To demonstrate metadata indexing, I’ll use an example table of events that is written by Flink from a Kafka stream. This events table is organized into daily partitions of event time and bucketed by the device ID that sent an event.

 CREATE TABLE events
   (event_time timestamptz, device_id bigint, ...)
   PARTITIONED BY (days(event_time), bucket(device_id, 64))

The purpose of this table is to debug problems by looking up events for a particular device during a particular time window with queries like this one:

 SELECT * FROM events WHERE device_id = 74 AND
   event_time > '2021-10-01T10:00:00' AND
   event_time < '2021-10-04T20:00:00'

Metadata from the bottom up

Iceberg stores data in Parquet, Avro, or ORC files. File formats like Parquet already make it possible to read a subset of columns and skip rows within each data file, so the purpose of table-level metadata is to efficiently select which files to read. Iceberg tracks each data file in a table, along with two main pieces of information: its partition and column-level metrics.

Partitions in Iceberg are the same idea as in Hive, but Iceberg tracks individual files and the partition each file belongs to instead of keeping track of partitions and locating files by listing directories. The partition of a file is stored as a struct of metadata values that are automatically derived using the table’s partition transforms. Storing the values directly instead of as a string key makes it easy to run partition filters to select data files, without needing to parse a key or URL encode values like in Hive.

For our example table, a row with event_time=2021-10-01 11:23:31.129055 and device_id=74 is stored in a Parquet file under partition (2021-10-01, 1), corresponding to the partition transforms, days(event_time) and bucket(device_id, 64).

Partitions tend to be fairly large, with tens or hundreds of files in each partition. Iceberg stores column-level metrics for each data file for an extra level of filtering within each partition.
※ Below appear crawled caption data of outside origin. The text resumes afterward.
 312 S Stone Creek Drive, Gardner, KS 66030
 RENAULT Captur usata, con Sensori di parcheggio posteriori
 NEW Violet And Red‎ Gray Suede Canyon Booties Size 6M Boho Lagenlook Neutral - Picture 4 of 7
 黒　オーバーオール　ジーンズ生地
The metrics kept are lower and upper bounds, as well as null, NaN, and total counts for the columns in a file. After filtering by partition, Iceberg will check whether each file matches a given query filter using these stats. File formats will also use column stats to skip rows, but it is much more efficient to keep stats in table metadata to avoid even creating a task for a file with no matching rows.
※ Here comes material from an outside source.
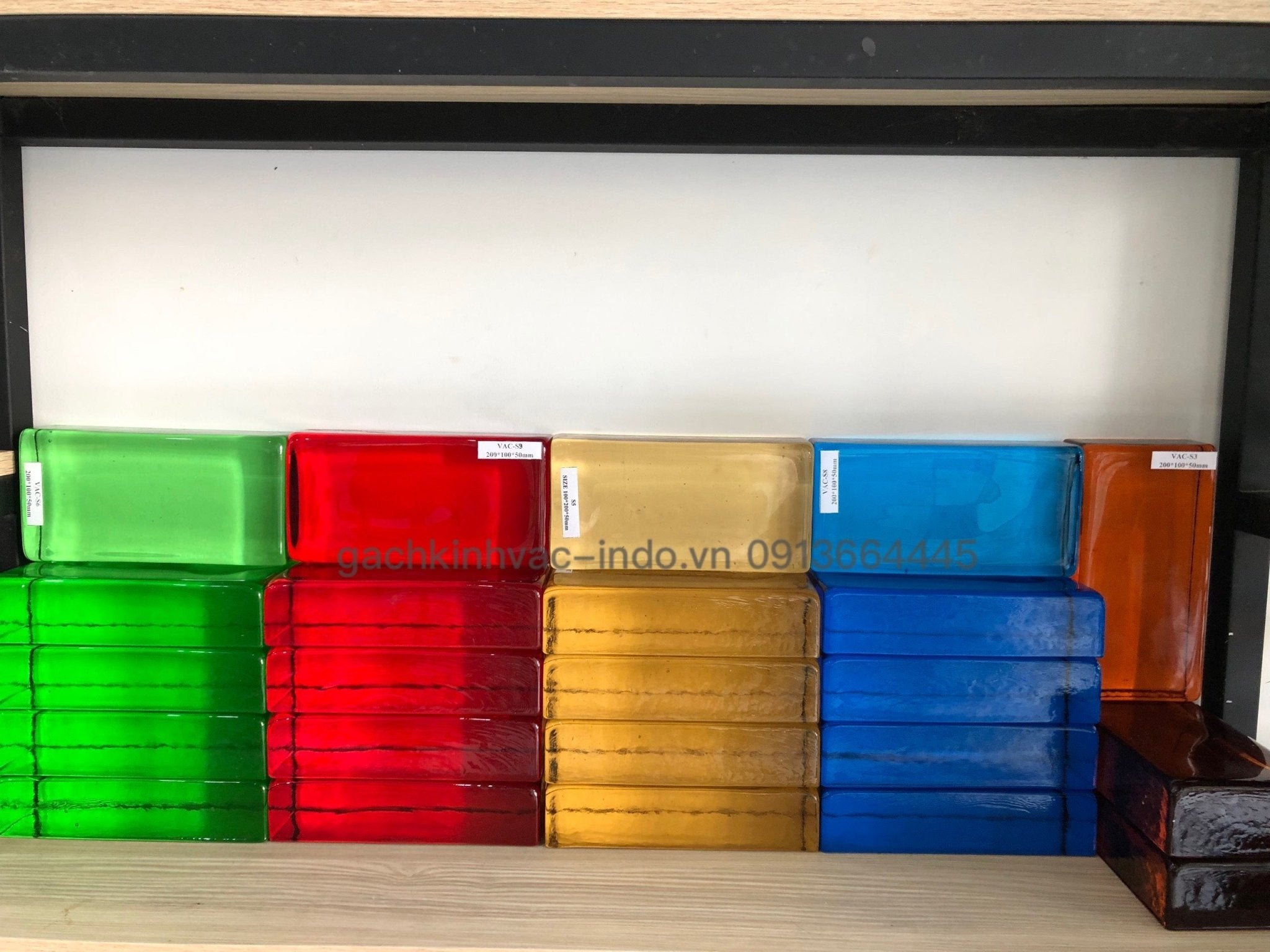 GẠCH KÍNH KHỐI ĐẶC S3 - Daisan Store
In the events table, looking for an hour-sized range of event_time would require reading a whole day if filtering with only day-sized partitions. However, if data is being committed continuously from Kafka, each data file would have a small slice of event_time. Iceberg will compare the query’s time range with each file’s event_time range to find just the files that overlap, which can easily be a 10-100x reduction in data.

Iceberg keeps the partition and column metrics for data files in manifest files. Each manifest tracks a subset of the files in a table to reduce write amplification and to allow parallel metadata operations. One of the most important reasons to split metadata across files is to be able to skip whole manifests and not just individual files. Just like Iceberg uses value ranges for columns to skip data files, it also uses value ranges for partition fields to skip manifest files (along with whether there are null or NaN values).

The metadata for every manifest in a given version or snapshot is kept in a manifest list file. When reading manifests from the list, Iceberg will compare a query’s partition predicates with the range of values for each partition field and skip any manifest that doesn’t overlap. This additional level of indexing makes a huge difference in the amount of work needed to find the files for a query. When tables grow to tens or hundreds of petabytes there can be gigabytes of metadata and a brute force scan through that metadata would require a long wait or a parallel job—instead, Iceberg skips most of it.

Putting it all together

Let’s go through an example of what happens when Iceberg plans the event query from above:

 SELECT * FROM events WHERE device_id = 74 AND
   event_time > '2021-10-01T10:00:00' AND
   event_time < '2021-10-04T20:00:00'

First, Iceberg will convert the row filter into a partition filter, which produces:

 device_id_bucket = 1 AND
 event_time_day >= '2021-10-01' AND
 event_time_day <= '2021-10-04'

After selecting the snapshot to read, Iceberg will open that snapshot’s manifest list file and find all of the manifests that may contain matching data files. In this example, each data file contains all 64 device ID buckets, so the predicate on device_id_bucket doesn’t help. The manifests, however, have useful ranges of dates and only manifest-1.avro overlaps. Iceberg will simply skip manifest-2.avro.

Next, Iceberg will read the set of manifests in parallel and apply the partition filter to the partition tuple for each data file. This first step will eliminate all of the files where the date or bucket ID don’t match. Even though the device_id_bucket filter wasn’t helpful when filtering manifests, for data files it eliminates all but 1 in 64. Just 02-data.parquet and 65-data.parquet remain.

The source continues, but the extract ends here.